Maradona x Pelé. Pelé x quem?
Essa discussão até pode ser velha. Mas, rivalidade futebolística hoje em dia só existe mesmo do outro lado da fronteira. É impressionante como às vésperas do jogo contra os maiores rivais do futebol brasileiro, pouco se comentou sobre o tal “super confronto”. A seleção de Dunga não empolgava, e não era assunto. Era dia de jogo e a partida do Palmeiras no nacional chamou mais atenção. Não adianta: hoje, o campeonato brasileiro empolga muito mais, mexe com verdadeiras paixões e, principalmente, é imprevisível.

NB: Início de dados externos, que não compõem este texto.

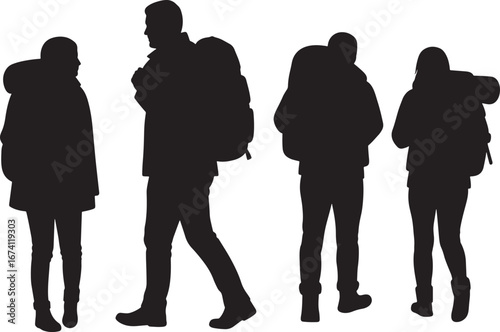 Group of four people with backpacks walking together as a silhouette isolated on white background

Não que todos não estivessem na frente da televisão na hora do jogo da seleção (e comemorando muito). Não também que todos tivessem a certeza da vitória brasileira, mas antes era como se qualquer resultado fosse normal. Caso perdesse, “ok, o jogo era lá mesmo”. Caso ganhasse, “ok também, eles são fregueses faz tempo”.
Por aqui a rivalidade entre brasileiros e argentinos já não está mais no futebol, passou para outro estágio, um estágio muito menos saudável por sinal. Não gostamos dos hermanos, mas pelo simples fato de terem nascido lá, o futebol deixou de ser desculpa, o aval social não é mais necessário, o preconceito virou algo irracional e sem propósito.Como brasileiros, não negamos gostar de ver a desgraça do vizinho. E, se existe uma pessoa que contribuiu muito para isso, ela é o Maradona. Uma figura mitológica que consegue estereotipar toda uma nação, não por acaso, e não injustamente, já que falamos de uma nação orgulhosa disso.
tinha feito intensivo com a Vanusa
Nosso passado (e presente) nos garante em qualquer discussão sobre futebol, seja com argentinos, seja com qualquer outra nação. E com isso, a seleção deixou de ser assunto, a rivalidade passou a ser local e o preconceito se mostrou gratuito.
PS: Sim, muitos argentinos estavam no Gigante de Arroyito no último sábado por causa do Maradona, e não de Messi ou Kaká. E sim, ele será perdoado, mesmo que a Argentina não vá nem pra repescagem.